Authentication Logging - source IP address

Issue #794 resolved
Stephen Bowles
created an issue

Hello,

We have an Active Directory integrated scm-server deployment. Some users are finding their accounts being locked out. We can confirm the requests are coming from the scm-server, however that's all we can do.

Logging, using TRACE, does not show any useful information such as source IP address, from whta we can see.

We have tried upgrading from 1.40 to 1.46, but still, not joy.

We can see from some committ logs that it looks like changes were made to log out source IP addresses for authentication requests, but we are unsure of how to make use of this? Could you please advise?

The goal/request: * To log out source IP address for authentication failed requests.

Thank you.

Comments (11)

  1. Sebastian Sebastian repo owner

    This is already possible with slf4j/logback mdc. SCM-Manager sets mdcs for username, client_ip, client_host (MDCFilter). To log the value of a mdc, at it to the pattern of your appender e.g.:

    <appender name="STDOUT" class="ch.qos.logback.core.ConsoleAppender">
    
      <encoder>
          <pattern>%d{yyyy-MM-dd HH:mm:ss.SSS} [%thread] %X{client_ip} %-5level %logger - %msg%n</pattern>
      </encoder>
    
    </appender>
    

    For more information on mdc, please have a look at the logback documentation.
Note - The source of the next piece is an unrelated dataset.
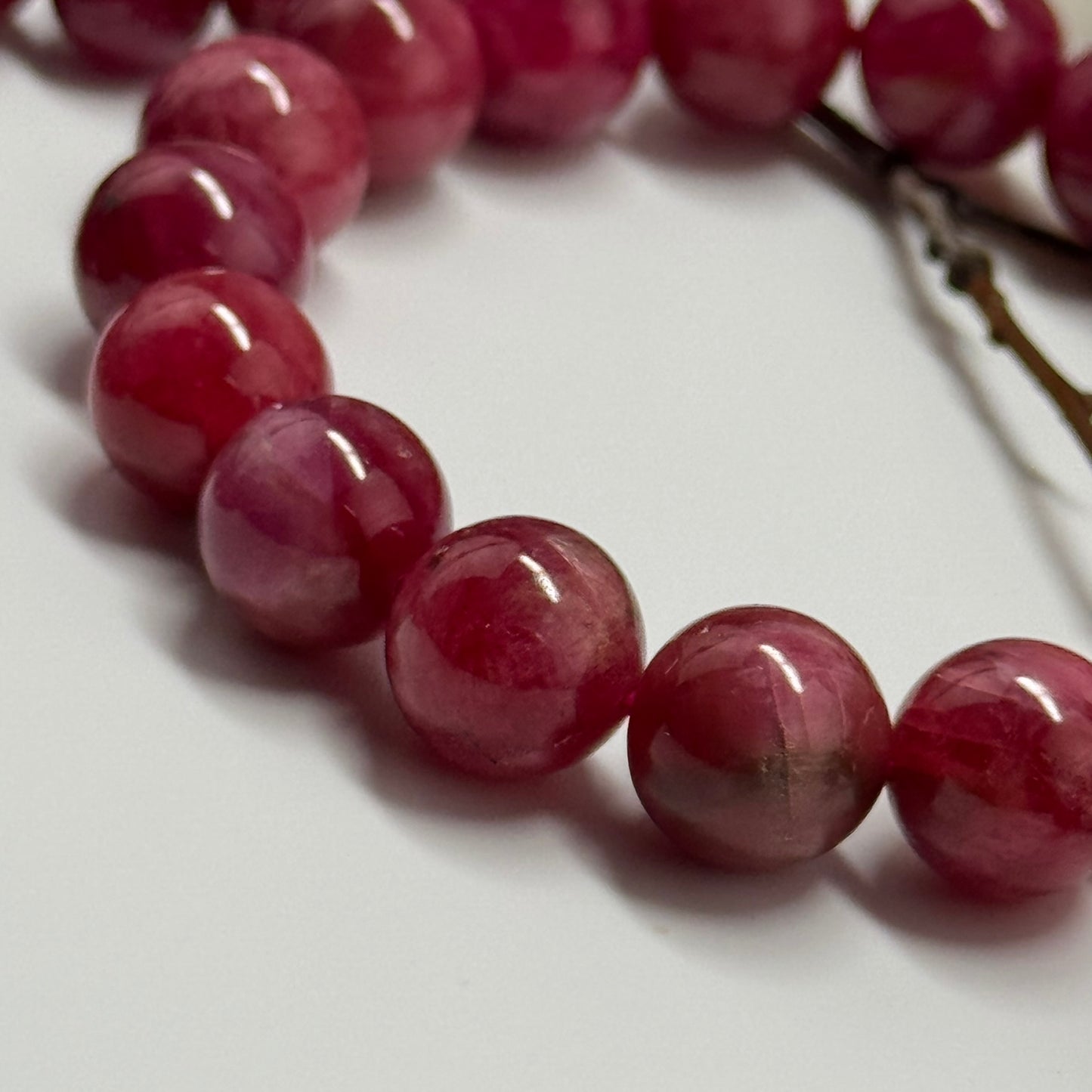 Rare Rhodonite Bracelet – Natural Pink Gemstone Jewelry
  2. Stephen Bowles reporter

    Thank you Sebastian.

    We have made the changes to the configuration file (direct copy of your example), however it is still not outputting the IP address - instead, a whitespace is there now?

    Also tried: <pattern>%d{yyyy-MM-dd HH:mm:ss.SSS} [%thread] %client_ip% %client_host% %username% %X{client_ip} %-5level %logger - %msg%n</pattern>

    Confirmed we are running 1.46.

    Is there something else we need to change/check for the IP address to be outputted in the logs? E.g., running a higher level of logging? (We tried TRACE - still no joy).

    Thank you.

  3. Stephen Bowles reporter

    Thank you Sebastian.

    We have scm-manager installed on a Windows box, installed using "scm-server install", after downloading the .zip file and extracting, I wasn't involved in the initial project, but it looks like Tomcat, judging by the services.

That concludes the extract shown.